With such a variety of products on offer, Shokunin Shoyu can showcase the condiment’s rich diversity of color, aroma and umami notes. Japanese soy sauce is especially known for its exceptional bouquet, Takahashi said. He explained that soybeans primarily contribute umami and wheat adds fragrance, but the uniqueness of the condiment lies in the balance achieved between the two, a balance that discretely brings out the flavor contributions of dashi and the individual ingredients in delicate Japanese cuisine.
Takahashi uses a chart to make his point. The chart shows six pieces of sushi, each placed against a different background color. “The color of each background is actually the color of the shoyu itself,” Takahashi explained.

SHOKUNIN SHOYU
In other words, each piece of sushi pairs best with a certain type of sauce, from the light ones on the far left to the dark ones on the far right. Takahashi continued:
“The koikuchi (common) shoyu shown in the center is the most standard type. The shiro (pale) and usukuchi (light-colored) on the left are lighter but saltier, with an umami that is restrained. The tamari (full-bodied) on the right has been aged for a long time. It has dark color and strong umami flavor.”

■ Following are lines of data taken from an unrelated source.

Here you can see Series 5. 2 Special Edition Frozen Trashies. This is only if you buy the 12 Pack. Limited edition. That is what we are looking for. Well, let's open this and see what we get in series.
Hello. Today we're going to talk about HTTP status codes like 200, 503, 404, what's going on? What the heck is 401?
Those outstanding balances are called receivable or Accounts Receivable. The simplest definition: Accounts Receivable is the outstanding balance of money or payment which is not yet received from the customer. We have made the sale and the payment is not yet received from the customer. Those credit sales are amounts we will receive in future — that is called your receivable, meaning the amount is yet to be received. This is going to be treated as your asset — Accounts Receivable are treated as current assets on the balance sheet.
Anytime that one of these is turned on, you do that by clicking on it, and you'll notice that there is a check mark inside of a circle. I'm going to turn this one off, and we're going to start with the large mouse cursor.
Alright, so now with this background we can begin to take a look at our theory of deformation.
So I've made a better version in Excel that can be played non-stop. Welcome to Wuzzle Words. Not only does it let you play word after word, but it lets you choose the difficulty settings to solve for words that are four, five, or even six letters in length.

In Japan, there are five categories of soy sauce, according to the Agriculture Ministry. But Shokunin Shoyu is unique in using its own six-category system. Takahashi counts amakuchi shoyu, which is a sweet variety of koikuchi popular in the Kyushu region, as the sixth category.
Takahashi compared soy sauce with wine to explain the categories.

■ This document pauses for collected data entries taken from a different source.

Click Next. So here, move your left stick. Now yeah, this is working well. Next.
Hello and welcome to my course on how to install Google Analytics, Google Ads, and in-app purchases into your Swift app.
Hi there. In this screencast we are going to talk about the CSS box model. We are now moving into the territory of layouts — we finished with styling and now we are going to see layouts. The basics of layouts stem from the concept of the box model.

“Soy sauce categories resemble the categories used to classify wine. It’s easier to picture if we think of the three types of soy sauce shown on the left side of the chart as white wines, and the three on the right as red wines. So, for example, a meuniere or carpaccio of white-fleshed fish would pair best with a white wine. A steak would usually be paired with a red wine. These sorts of relationships apply to soy sauce as well.”

SHOKUNIN SHOYU
As the sushi chart shows, the fish used ranges from light-flavored, white-fleshed types to fatty, red-fleshed ones. Matching soy sauces to fish types does much to bring out their respective flavors. Similarly for salads, simply mixing soy sauce with olive oil and vinegar creates a fresh dressing that enhances the natural taste of the vegetables, Takahashi said.
Importance of fermentation
Takahashi emphasized the importance of understanding that soy sauce is a fermented food. It is precisely because the ingredients undergo long-term fermentation through the power of microorganisms that each brewery can produce a unique sauce. He cited shoyu brewed traditionally in wooden barrels as a prime example.

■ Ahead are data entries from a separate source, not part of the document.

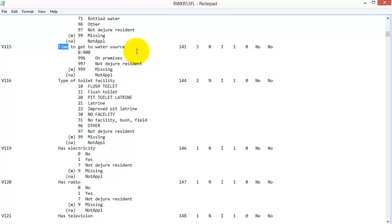For example, I will search for the word time to show you an example of a variable that mixes continuous and categorical values. We see that v115, time to get to water source in minutes, has values 0 to 900 minutes continuous values, as well as additional categories for respondents who have water on premises, not a de jour regular resident, don't know, or missing.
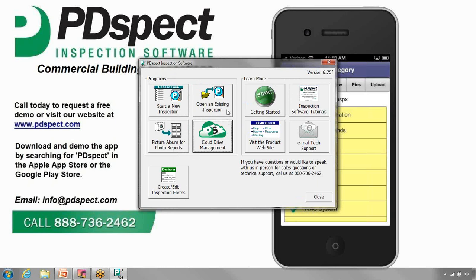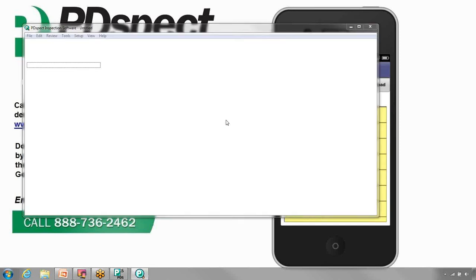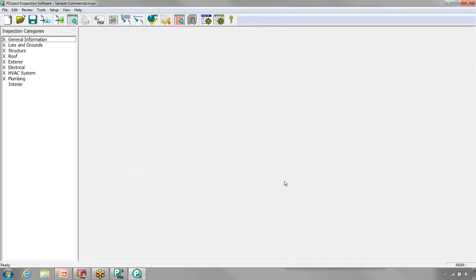Now we're going to click on Open an Existing Inspection, and on the screen that shows up we'll see the inspection we downloaded from our Cloud Drive. We'll open it up and we now have that inspection open on our desktop. This concludes the tutorial on copying an inspection from the app and opening it on a Windows PC.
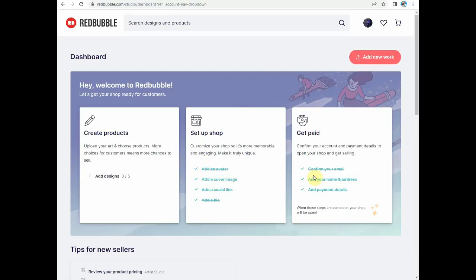Some are related to your products - you need to upload five products, five designs.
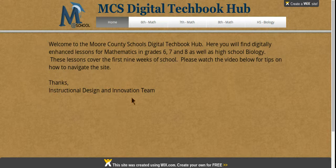Hello, welcome to Moore County Schools Digital Tech Book Hub. This site houses digitally enhanced lessons for grades 6, 7, and 8 in mathematics and biology for high school.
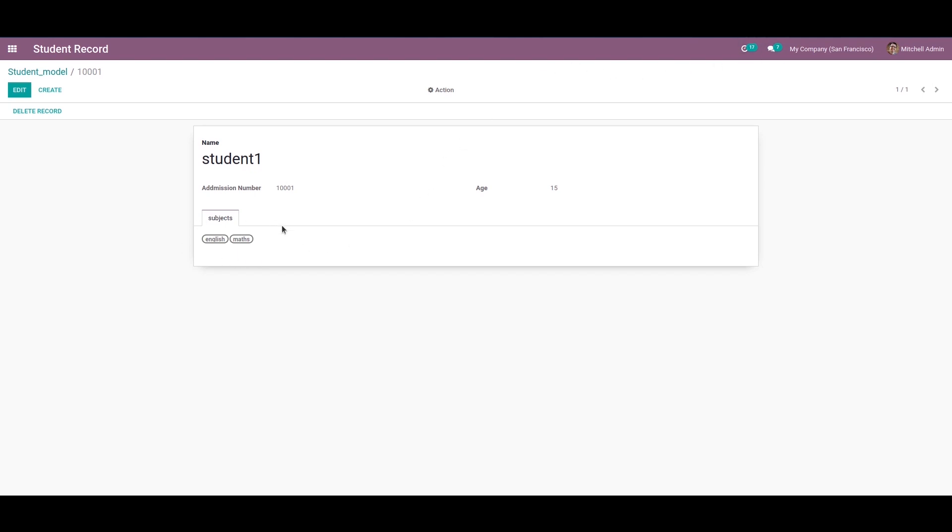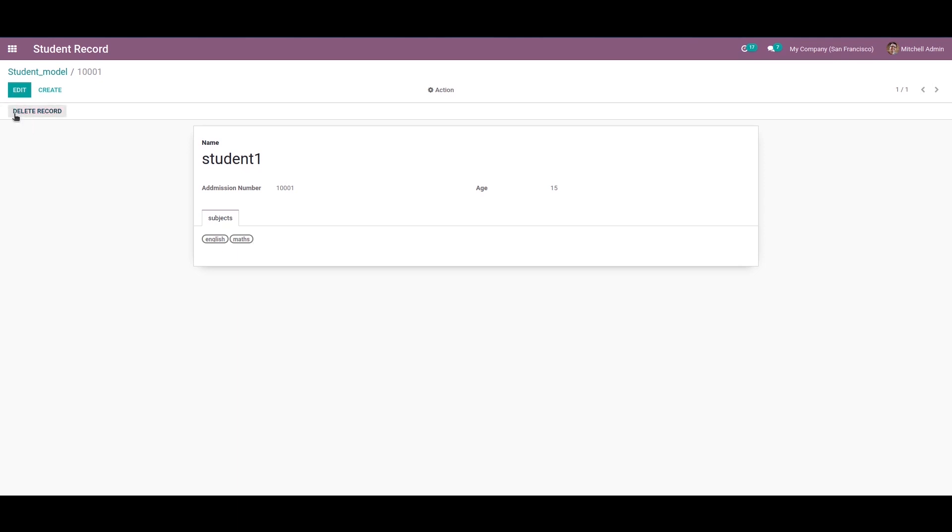What we are going to see in this video is how to delete these lines from a Python function. For that function, I added a button called 'delete record'. So clicking on this button, we have to delete these lines.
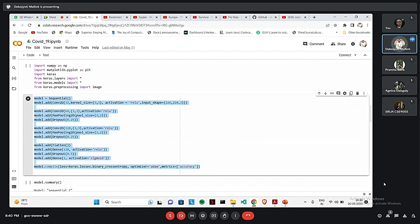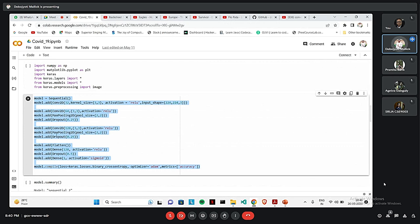The second layer is a convolutional layer 2D of 64, 3 by 3. Activation is ReLU. We have added max pooling of pool size 2 by 2 and then dropout of 0.25. Then again, we have added a convolutional network of 128, 3 by 3. Activation is again ReLU. Added max pooling 2D, pool size of 2 by 2 and dropout 0.25. Then we have flattened, we have used the flatten function and then we have added dense of 128 activation ReLU, dropout of 0.5. And lastly, dense of 1 activation is Sigmoid.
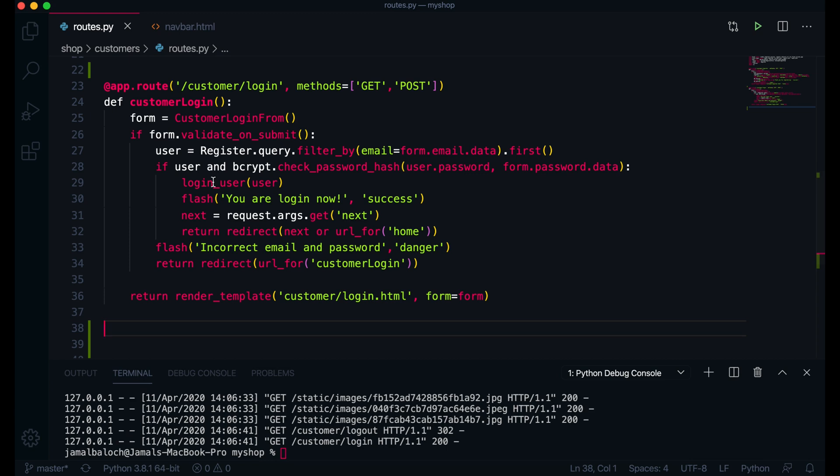Welcome back viewers. In this video we are going to work on customer logout. Flask logout is very simple and this video will be simple and small. So without further delay, let's jump on coding. First thing, I am here in route of customer directory.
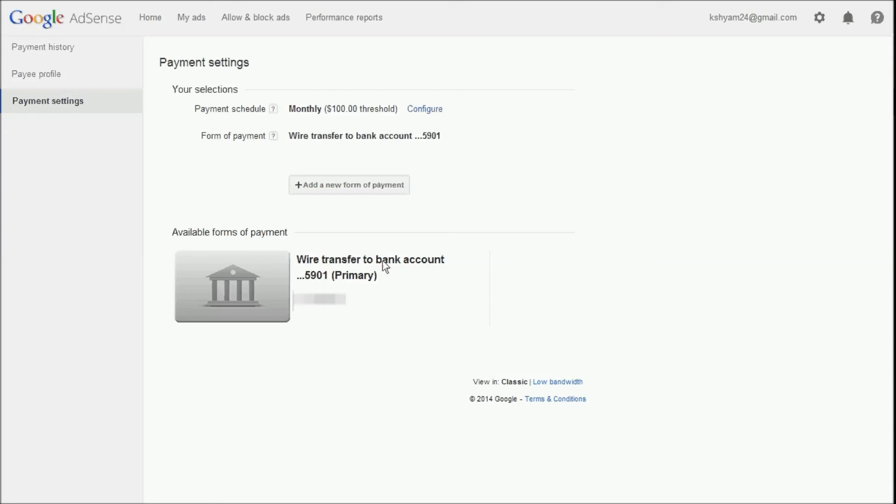And this is how we can add our bank account to the Google AdSense payment screen for wire transfer. Thanks for watching this video. Have a nice day. Bye.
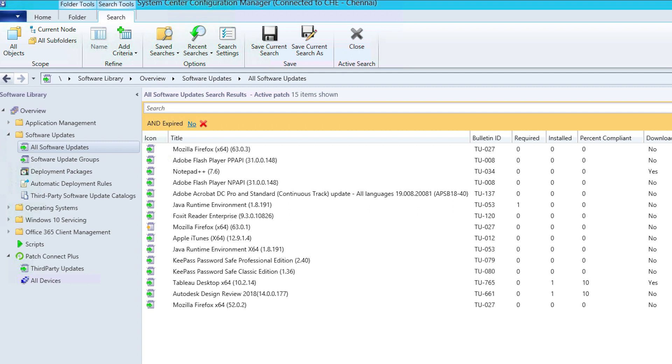Welcome to the second video in the ins and outs of SCCM video series brought to you by Patch Connect Plus. This video will cover the technical process involved in deploying third-party patches using SCCM.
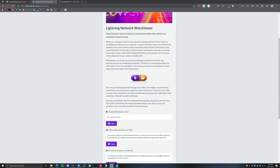Welcome back to Catalix eCash. In today's video, we're going to show you how to set up a watchtower for your lightning node. Many people have been running Umbral, and we made a video about that about a year ago. These watchtowers will help you protect your funds in your channels if your Umbral server goes offline.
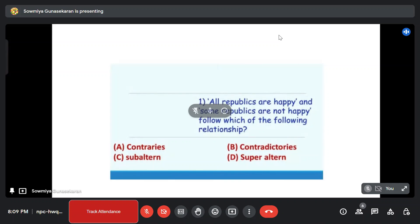All our republics are happy, and some republics are not happy — follow which of the following relationships. That is the sentence that leads to the following relationship.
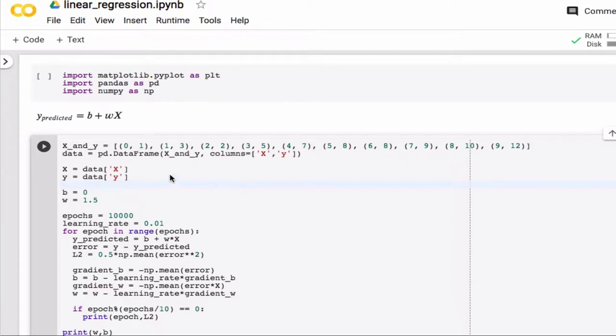In the linear regression code we wrote last time, we found an algorithm to find the optimum values of b and w that gives the best prediction of y values given some x values. Here we have a simple case where we only have one x value, but in general with linear regression we'll work with several different x values that each contribute to y. So the question is: how should we change the code to account for this?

“In a natural environment, raw ingredients placed in wooden barrels undergo years of fermentation and aging by the microorganisms living in the brewery and in the barrels themselves. Ultimately, aging is everything. Since each barrel imparts a different character, the unique traits of each brewery emerge in the shoyu, fully distinct. The brewer’s personality and philosophy can be found there as well.”
Takahashi pointed out the similarities between soy sauce and products like balsamic vinegar and wine. Seen in this light, it is easier to understand the diversity of soy sauce and how its use can vary depending on specific dishes or personal preference.
He recommends brewery tours as a way to experience this diversity firsthand. There are breweries all over Japan that welcome visitors and can provide an experience as rewarding as visiting a winery.
“To make your favorite foods even more delicious, why not search out the best-matching soy sauce?” Takahashi suggested.
Soy sauce has evolved along with regional food cultures, adapting to the climate, ingredients and customs of each. As such, there are as many varieties of shoyu as there are culinary traditions. The lineup of 100-ml bottles at Shokunin Shoyu could very well spark a fascination that leads to the world of artisanal soy sauce.